Type of Document Dissertation
Author Ameen, Shafeeq Aqeel
URN etd-11052009-072138
Title A Mixed Methods Study of the Air Force Jrotc Leadership Program at an Urban High School in Southeastern Virginia
Degree PhD
Department Educational Leadership and Policy Studies
Advisory Committee
Advisor Name Title
Twiford, Travis W. Committee Chair
Cash, Carol S. Committee Member
Creighton, Theodore B. Committee Member
Roberts, James T. Committee Member
  • Disciplinary Referrals
  • Attendance Rate
  • GPA
  • Dropout Rate
Date of Defense 2009-10-27
Availability unrestricted
The JROTC program is one of service and commitment. Its mission is to build better citizens and give them a sense of pride in service to their fellow man. Today these core principles are still needed, but with the increase in the student dropout rate, the JROTC program can be one of many alternatives needed to help public education reach today’s youth who are struggling to stay in school.

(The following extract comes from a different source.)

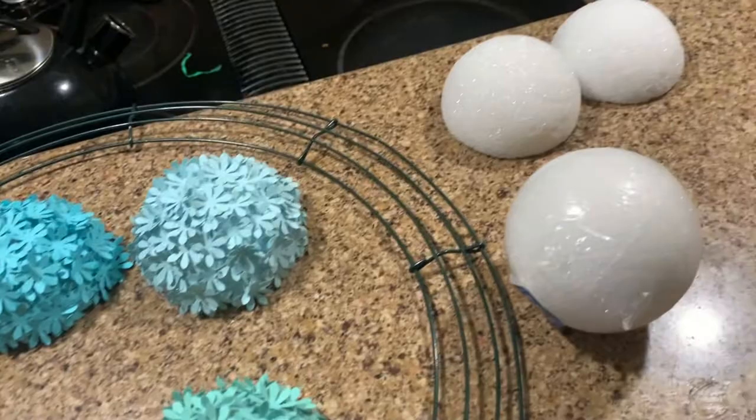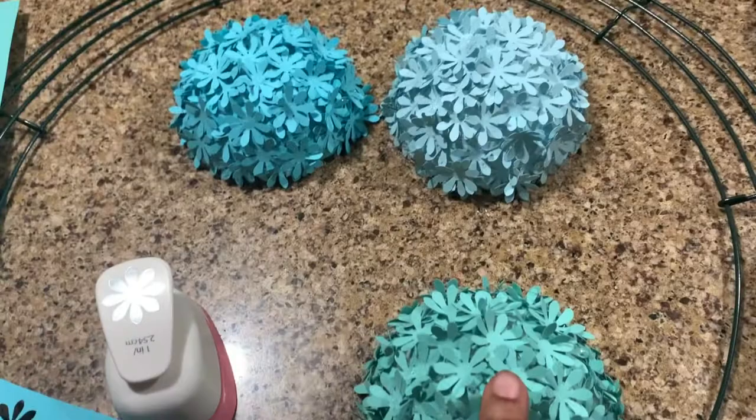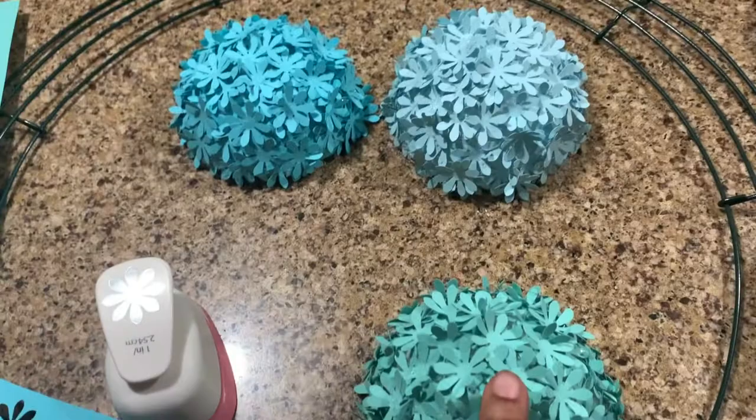So this project I found on Pinterest is a wreath. Never thought I'd make a wreath, but you take some paper with this paper cutter and you make it look like a flower. This is going to be a hydrangea and I just put them all over.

The purpose of this mixed methods study was to examine the impact of the Air Force JROTC Leadership Program on the grade point average (GPA), attendance rate, disciplinary referrals, and dropout rate of JROTC students at an urban high school in southeastern Virginia. The study also addressed the perceptions of school administrators, Air Force JROTC instructors, teachers, JROTC students and their parents on students enrolled in the program during the 2005-2009 school years.

Descriptive statistics were used to determine the means, standard deviations and frequency distributions for the groups in the study. Three independent sample t-tests and seven one-way Analysis of Variance (ANOVA’s) were used to determine where there was a statistically significant difference for each group. The Tukey post hoc procedure was used to determine where the difference occurred in the variables.

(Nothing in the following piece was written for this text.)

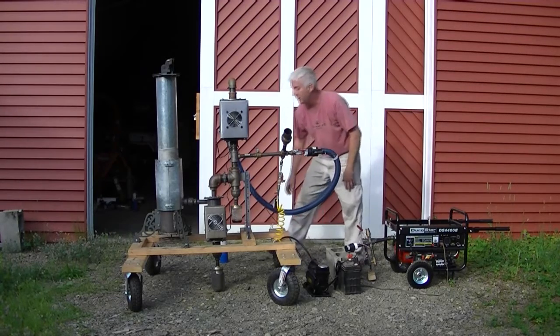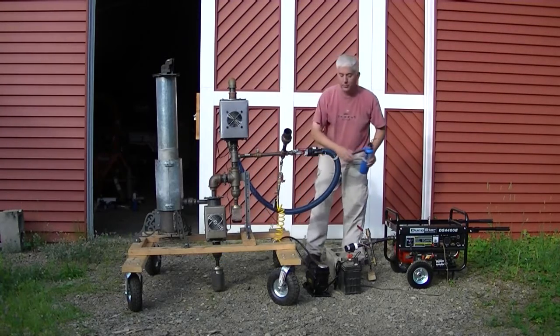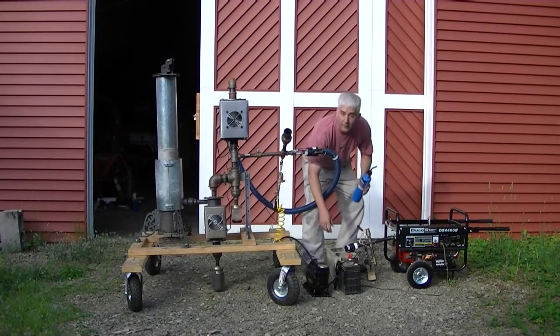I'm using my standard ejector that I use with compressed air, and it's being driven by a Smittybilt iron inflator.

There were three major findings revealed in this study. The first finding indicated that students who participated in the JROTC program had lower grade point averages (M =2.47, SD = 1.17) than non-JROTC participants (M = 3.00, SD = 0.94). Second, administrators had higher levels of agreement (100%) than AFJROTC instructors, teachers, JROTC students and parents that leadership skills were developed in the AFJROTC program. Third, JROTC students (12%) and parents (7%) had lower levels of agreement than administrators, AFJROTC instructors and teachers that the AFJROTC program is used as a recruitment tool.

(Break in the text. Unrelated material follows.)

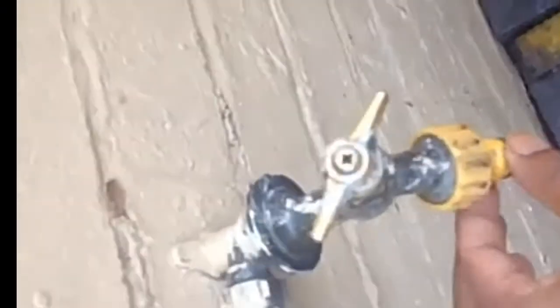You flush it with the hosepipe. Here's the tap that I've done. I normally put it under the outside tap and flush it through. All the debris, dirt, and sludge comes out — you can see when it comes out.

Focus groups results showed strong support for the program from administrators, teachers, JROTC students and parents. These findings suggest that if school districts and educational leaders are to benefit from implementing the AFJROTC program they must understand that the program is not designed to impact academics. The program is designed to develop leadership skills along with helping students become better citizens. Educational leaders in school districts should read the findings and consider utilizing the program as a possible alternative to help students to develop skills to keep them from dropping out of school.